YOUR GOAL >> Only the lines from the one containing "NWOT PEL-ATHLETIC Graphic" through the last line of the material should be copied, exactly as written and without pictures.

DATA BLOCK >>
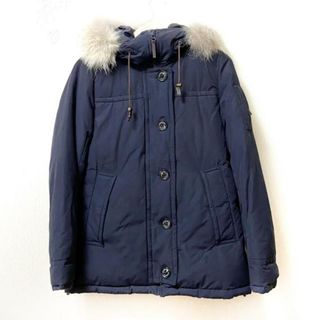 MACKINTOSH PHILOSOPHY - MACKINTOSH PHILOSOPHY(マッキントッシュフィロソフィー) ダウンジャケット サイズ38 L レディース - ダークネイビー 長袖/ファー/冬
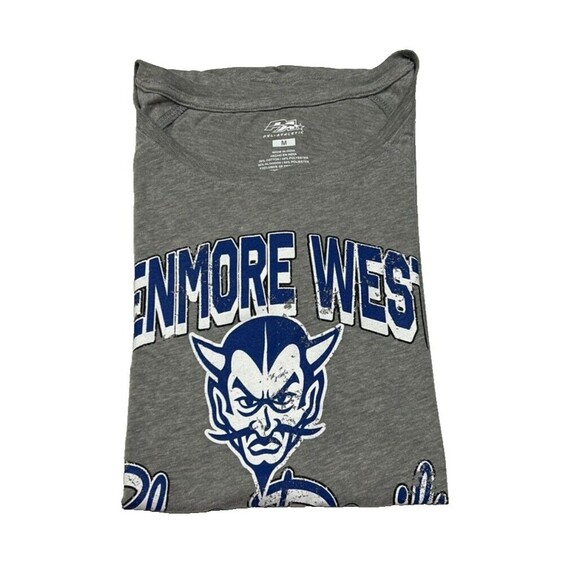 NWOT PEL-ATHLETIC Graphic T-shirt Kenmore West Blue Devils M - Picture 11 of 16
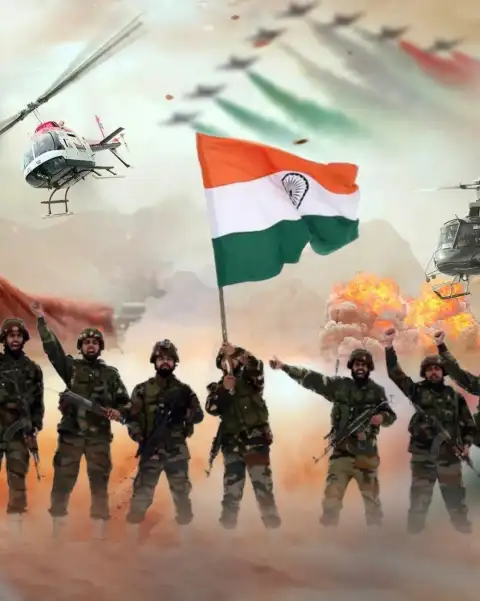 15 August Indian Army With Flag Picsart Editing Background HD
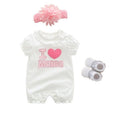 Baby Girl Pink Princess Clothing Sets for Birthday Party childrensterritory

THE ANSWER >>
 NWOT PEL-ATHLETIC Graphic T-shirt Kenmore West Blue Devils M - Picture 11 of 16
 15 August Indian Army With Flag Picsart Editing Background HD
 Baby Girl Pink Princess Clothing Sets for Birthday Party childrensterritory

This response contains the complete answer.